When the same writer, Anne Taylor Fleming, made a brief side trip to hear Phyllis Schlafly speak nearby, she summarized the message for women as a "promise[ of] protection if you procreate, a glorious chance not to have to grow up."

When I asked Steele about pink's increasing feminization since the '70s, she called it a "gradual progression ... like a kind of palimpsest."

As with most trends, the pendulum swung away from unisex fashions by the 1980s, even as the new generation of career women wore masculine-inspired "power suits" to work. In children's clothing, Paoletti says pink resurged around the same time the first Generation X adults became parents. For example, a 1988 trade article she cites recounts one designer's decision to resume use of pink in clothing designs, due to changing demand. She also notes Luvs' 1985 introduction of boy and girl diapers and the new popularity of "headbands for bald girl babies (serving no function other than as a gender marker)."

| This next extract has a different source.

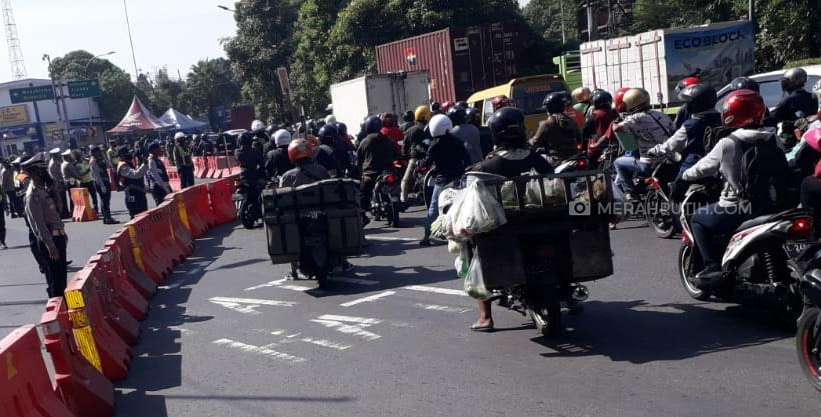 Kerumunan kendaraan bermotor terjebak macet karena peynyekatan di Bundaran Waru sisi Surabaya (MP/Andika)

Paoletti argues that parents' fondness of pink or blue diapers may have reflected their own experience of unisex fashions as children. "The girls and boys of Generation X, who dominated the birthrate data beginning in 1986, were nine or younger when they experienced [the sexual revolution]" and the unisex trends that followed.

Because the children who wore unisex clothes in the 1970s began having their own children in the late 1980s, Paoletti argues their adoption of strongly gender coded children's clothing partly reflected a reaction against their own upbringing. Decades before, men who'd been forced to wear velvet Little Lord Fauntleroy suits as children seemed to favor particularly "masculine" clothing for own little boys.

Though Paoletti says children's clothing in the late 1980s became more gender-coded than adults', little girls weren't the only ones wearing pink. In 1991, the Susan G. Komen Foundation gave pink ribbons to runners in its New York survivor race. The following year, the pink ribbon became the official--and now ubiquitous--symbol of Breast Cancer Awareness Month.

Outside the breast cancer campaign, Steele said the 1990s and 2000s brought a new appropriation of pink as "fierce" and powerful. (As an example, she cited a black biker jacket with pink accents designed by Rei Kawakubo of Comme des Garçons.) With the activist group CodePink's use of the color, pink has come full circle, recasting war and protest as feminine.

Where will the color go from here? As Paoletti writes, "The appropriate expressions of masculinity and femininity, like the characteristics they signify, are not clear-cut, and this ambiguity helps drive change." Thus even today's most progressive trends will probably seem outmoded, if not backward, to some generation yet unborn. And men might someday reclaim both pink and more exciting clothing.

Anna Broadway is a writer and editor based near San Francisco. The author of Sexless in the City: A Memoir of Reluctant Chastity, she is a regular contributor to Her.meneutics and Paste.